Engineers Use Bioprinted Blood Vessels to Model Deadly Brain Tumors

Glioblastoma is a brain cancer with a very low chance of survival. Most drugs cannot cross the blood-brain barrier, which means that unlike other cancers, there are not many treatments available for brain tumors.

But cutting-edge technology developed at the University of Cincinnati aims to change that. Researchers are using 3D bioprinting to create artificial blood vessels that can be used to test new, custom-made drugs and study why glioblastoma is so resistant.

“Our goal is to develop models that can be used to gain new insights into the mechanism that drives tumor regeneration and drug resistance, allowing us to test new therapies,” said Riccardo Barrile, assistant professor of biomedical engineering in UC’s College of Engineering and Applied Science.

The study was published in the journal Advanced health materials.

Organs on a chip

“Glioblastoma is the most aggressive form of primary brain tumor. It’s usually fatal,” Barrile said. “It’s a terrible disease.”

Doctors typically prescribe chemotherapy combined with surgical removal of tumors and radiation therapy. But glioblastoma is resistant and usually becomes resistant to the drugs over time, he said.

“It’s difficult to target these tumors,” he explained. “They are strategically infiltrated into healthy parts of the brain tissue.”
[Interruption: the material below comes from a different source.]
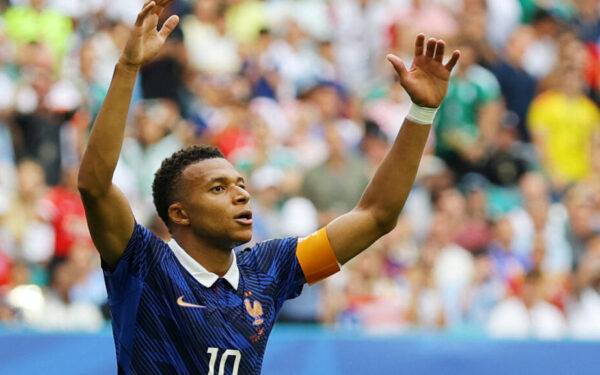 Mbappé breaks World Cup goals record Mbappé breaks World Cup goals record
The first “organs on chips” were made less than 20 years ago. It’s a very promising area in drug development, but it’s still in its infancy, Barrile said.

With standard technology, it can take months to build organs on a chip. But Barrile and his students can use 3D bioprinting to create customized synthetic blood vessels much more quickly for each patient.

“The molds are generated using conventional manufacturing techniques. It can take weeks or even months to generate a prototype. Our 3D printing approach takes just a few hours,” he said.

And that opens up a world of research and treatment possibilities, he said.

Similarly, Barrile said, traditional organs-on-chips use silicone materials. But the drugs needed to treat glioblastoma are small molecule drugs, so small that they can easily be absorbed into the silicone form rather than into the tissue where they are needed.

“We do not use silicone materials but microfluidic hydrogels. This is an advantage because silicon devices reduce the effectiveness of the drug. The molecules simply disappear into the structure,” he said.

Organs-on-chips could one day eliminate the need for medical testing on animals, Barrile said.

Creating personalized therapies

Lead author Sirjana Pun, a UC biomedical engineering doctoral student, said organ-on-a-chip devices hold great potential for advancing the development of new therapies.

“Existing treatments for glioblastoma follow a one-size-fits-all approach, which has proven ineffective in significantly improving patient survival. Our system can be used to create personalized disease models, allowing new therapies to be tested that are tailored to each patient’s unique needs,” she said.

“I am grateful for the opportunity to do research at UC and work in a field that I am deeply passionate about,” Pun said.

They collaborated with Soma Sengupta of the UC College of Medicine, Daniel Pomeranz Krummel of the University of North Carolina and Giuseppe Sciumé of the University of Bordeaux in France. UC biomedical engineering students Dalee Demaree and Anusha Prakash also contributed to the project.

“I am excited to be part of this company as we work with other scientists from academia, industry and regulatory agencies to drive adoption of this technology with the long-term idea of ​​replacing animal models and providing alternative methods for drug testing,” Barrile said.